Sonos owners ‘feel let down' by decision to cut support for older speakers
Owners of older Sonos speakers have expressed their outrage at the company’s plans to drop support.
The audio giant announced it would stop sending software updates to a number of products from May, which has angered some customers.
Its original Zone Player, Connect and Connect:Amp – which were launched in 2006 and include versions sold until 2015 – are affected by the move.
The first-generation Play:5 and CR200, both released in 2009, as well as 2007’s Bridge will also no longer receive software updates or new features.
In a statement, Sonos said it made the decision because older devices had been “stretched to their technical limits in terms of memory and processing power”.
“Ideally all our products would last forever, but for now we’re limited by the existing technology,” it said.
Paul Beebe, from Birmingham, said he bought a Play:5 speaker less than three years ago for £400.
“I feel let down by a company I have invested a lot of money in,” he told the PA news agency.
“It will certainly make me think twice before extending my system, especially as now many other manufacturers have caught up in terms of grouping audio amongst a group of speakers, which was something quite unique to Sonos.”
Mr Beebe, who has several other speakers of mixed age, said he was thinking about adding a speaker to his bathroom but would “reconsider” following Sono’s decision.
“I am pretty annoyed, people keep audio equipment for years and years, typically.”
Another customer in the UK, Andy Powell, told PA he was “hugely disappointed”.
“I was a fan, an early adopter and even an advocate promoting them to others,” he said.
“But with this and the whole ‘recycling’ issue a few weeks back, the trust is gone and I’ll definitely be looking elsewhere.”

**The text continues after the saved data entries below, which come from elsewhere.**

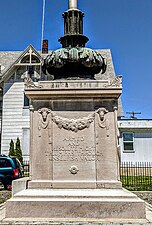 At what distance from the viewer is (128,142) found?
2806cm

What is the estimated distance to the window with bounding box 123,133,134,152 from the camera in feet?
91.8

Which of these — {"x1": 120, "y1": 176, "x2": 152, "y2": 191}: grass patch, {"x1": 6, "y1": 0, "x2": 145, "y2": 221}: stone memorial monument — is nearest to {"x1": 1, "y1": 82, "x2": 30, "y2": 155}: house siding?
{"x1": 120, "y1": 176, "x2": 152, "y2": 191}: grass patch

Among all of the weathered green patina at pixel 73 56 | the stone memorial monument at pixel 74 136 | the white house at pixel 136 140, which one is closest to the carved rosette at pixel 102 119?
the stone memorial monument at pixel 74 136

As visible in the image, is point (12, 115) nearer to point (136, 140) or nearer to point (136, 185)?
point (136, 140)

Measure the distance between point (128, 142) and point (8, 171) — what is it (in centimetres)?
1424

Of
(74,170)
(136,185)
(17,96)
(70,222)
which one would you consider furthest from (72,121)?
(17,96)

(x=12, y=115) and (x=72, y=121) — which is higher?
(x=12, y=115)

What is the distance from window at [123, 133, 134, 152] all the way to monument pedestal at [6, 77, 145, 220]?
2156 cm

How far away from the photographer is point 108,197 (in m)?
6.10

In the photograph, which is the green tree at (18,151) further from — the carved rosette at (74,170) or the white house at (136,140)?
the carved rosette at (74,170)

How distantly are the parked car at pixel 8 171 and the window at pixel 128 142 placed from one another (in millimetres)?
13331

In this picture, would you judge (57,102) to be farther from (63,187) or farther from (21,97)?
(21,97)

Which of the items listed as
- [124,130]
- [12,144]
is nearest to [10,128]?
[12,144]

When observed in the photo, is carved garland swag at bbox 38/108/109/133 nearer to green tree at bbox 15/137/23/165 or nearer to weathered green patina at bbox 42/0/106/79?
weathered green patina at bbox 42/0/106/79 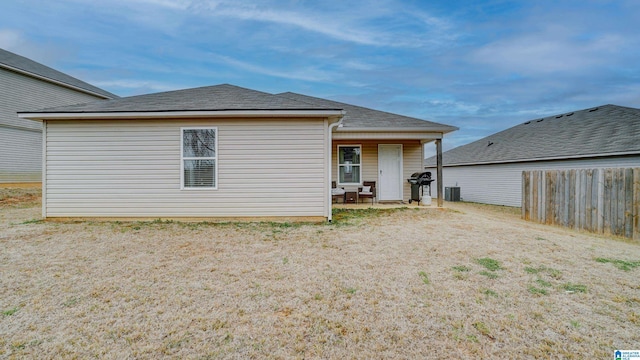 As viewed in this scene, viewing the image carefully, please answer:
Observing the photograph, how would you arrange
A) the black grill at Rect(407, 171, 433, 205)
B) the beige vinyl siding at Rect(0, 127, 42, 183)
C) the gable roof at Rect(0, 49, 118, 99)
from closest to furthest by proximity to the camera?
1. the black grill at Rect(407, 171, 433, 205)
2. the beige vinyl siding at Rect(0, 127, 42, 183)
3. the gable roof at Rect(0, 49, 118, 99)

Sonos said customers will be able to continue using “legacy” products after they stop receiving software updates but warned that “some functionality will be impacted over time”.
People with multiple Sonos speakers including one of the affected products will also see their system impacted.
“As changes are made to technology in the future, particularly by music service and voice partners, access to certain services or features may be disrupted,” the company said.
“An example would be a music service partner issuing a new update that isn’t backwards compatible with legacy software.”
The firm is offering owners the option to trade up to a new Sonos product with a 30% credit.
Doing so will put the older device into recycle mode, meaning it will be deactivated and no longer functional.
Last year, Sonos offered owners of dated products a similar offer, but was criticised for not allowing people to resell their old kit.
For those unable to take devices to a recycling facility, Sonos will pay delivery charges to have affected items shipped to the company for recycling.